Humans + Machine, Reimagining Work in the Age of AI
I am fascinated by how authors Paul R. Daugherty and H. James Wilson portray the future of how we’ll work. There certainly are fears growing around if and how AI will replace workers. This book helps alleviate those fears because while AI will reduce the need for repetitive, non-value-add work, the result is also an increase in better jobs for those people.
Lesson for leaders: Use the arguments in this book to help your teams prepare for and adapt to the future, reduce fear and take advantage of the opportunities in the future of work.
Ready Player One
For anyone who wants to “see” the future, author Ernest Cline does a great job creating a virtual world and describing how we’ll interact within that world. His views of virtual shopping malls and virtual schools are truly insightful.
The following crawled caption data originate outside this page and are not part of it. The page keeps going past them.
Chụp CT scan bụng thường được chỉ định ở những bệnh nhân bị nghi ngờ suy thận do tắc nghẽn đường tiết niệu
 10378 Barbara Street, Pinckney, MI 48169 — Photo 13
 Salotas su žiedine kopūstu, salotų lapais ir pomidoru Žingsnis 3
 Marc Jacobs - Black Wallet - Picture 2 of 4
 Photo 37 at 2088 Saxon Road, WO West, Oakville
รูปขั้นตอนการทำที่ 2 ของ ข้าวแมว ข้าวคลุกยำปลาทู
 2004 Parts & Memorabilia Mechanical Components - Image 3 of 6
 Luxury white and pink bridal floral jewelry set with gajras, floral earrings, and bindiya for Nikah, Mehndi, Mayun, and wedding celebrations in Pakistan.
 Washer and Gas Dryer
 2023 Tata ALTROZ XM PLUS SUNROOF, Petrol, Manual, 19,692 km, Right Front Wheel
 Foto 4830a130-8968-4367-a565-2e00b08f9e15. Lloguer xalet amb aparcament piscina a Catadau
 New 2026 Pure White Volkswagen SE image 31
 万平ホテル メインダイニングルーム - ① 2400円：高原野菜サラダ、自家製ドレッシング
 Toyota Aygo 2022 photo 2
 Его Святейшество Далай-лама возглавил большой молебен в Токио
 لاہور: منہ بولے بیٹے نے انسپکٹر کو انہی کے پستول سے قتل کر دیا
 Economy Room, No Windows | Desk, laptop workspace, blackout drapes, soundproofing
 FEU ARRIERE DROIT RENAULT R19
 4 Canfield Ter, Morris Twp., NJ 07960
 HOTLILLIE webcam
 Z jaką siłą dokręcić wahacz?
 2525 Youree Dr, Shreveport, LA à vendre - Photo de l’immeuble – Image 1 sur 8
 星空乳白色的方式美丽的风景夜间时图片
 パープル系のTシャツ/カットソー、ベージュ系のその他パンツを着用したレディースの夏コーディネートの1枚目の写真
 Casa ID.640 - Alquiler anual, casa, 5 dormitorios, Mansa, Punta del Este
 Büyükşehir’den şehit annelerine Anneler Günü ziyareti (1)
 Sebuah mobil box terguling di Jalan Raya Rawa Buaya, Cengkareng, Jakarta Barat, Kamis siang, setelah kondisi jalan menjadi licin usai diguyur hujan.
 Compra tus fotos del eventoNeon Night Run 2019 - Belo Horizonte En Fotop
It will be easier for people to connect and collaborate virtually but the quality of those interactions will diminish. We’re already experiencing the benefits of virtual interaction in manufacturing, as technicians can open a cabinet and look at a part in 3-D in real-time without the need to travel.
What’s coming: the blurring of human and machine interaction. If you get robocalls you already know how difficult it is to tell when you’re talking to a human or to a machine. (Hint: ask the suspected robocaller to repeat a word for you).
Lesson for industry: For every technology, there’s an upside and a downside. Understand both.
Permission to Screw Up, How I Learned to Lead by Doing (Almost) Everything Wrong
When author Kristen Hadeed started her apartment cleaning service, she had 50 employees – and 40 of them quit the same day. She shares everything she did wrong, and she helped me look at mistakes in a new way.
Lesson for leaders: People who are trying their best and making decisions with good intent deserve help and mentoring, not job termination.
Delivering Happiness, a Path to Profits, Passion, and Purpose
This is a comic book from Tony Hsieh, the CEO of Zappos. He’s also run a worm farm and a pizza business.
He stresses that as leaders, we owe it to our teams to be precise and direct, and to align what we say and what we do with our values. This book reinforced the power of corrective feedback. We all need it; we don’t all get it, or deliver it.
Lesson for leaders: This book made me more aware of the culture I am trying to create, and how I communicate what I expect and what I value.
What are your standouts? How have they changed you, your assumptions of the world and how you see the future?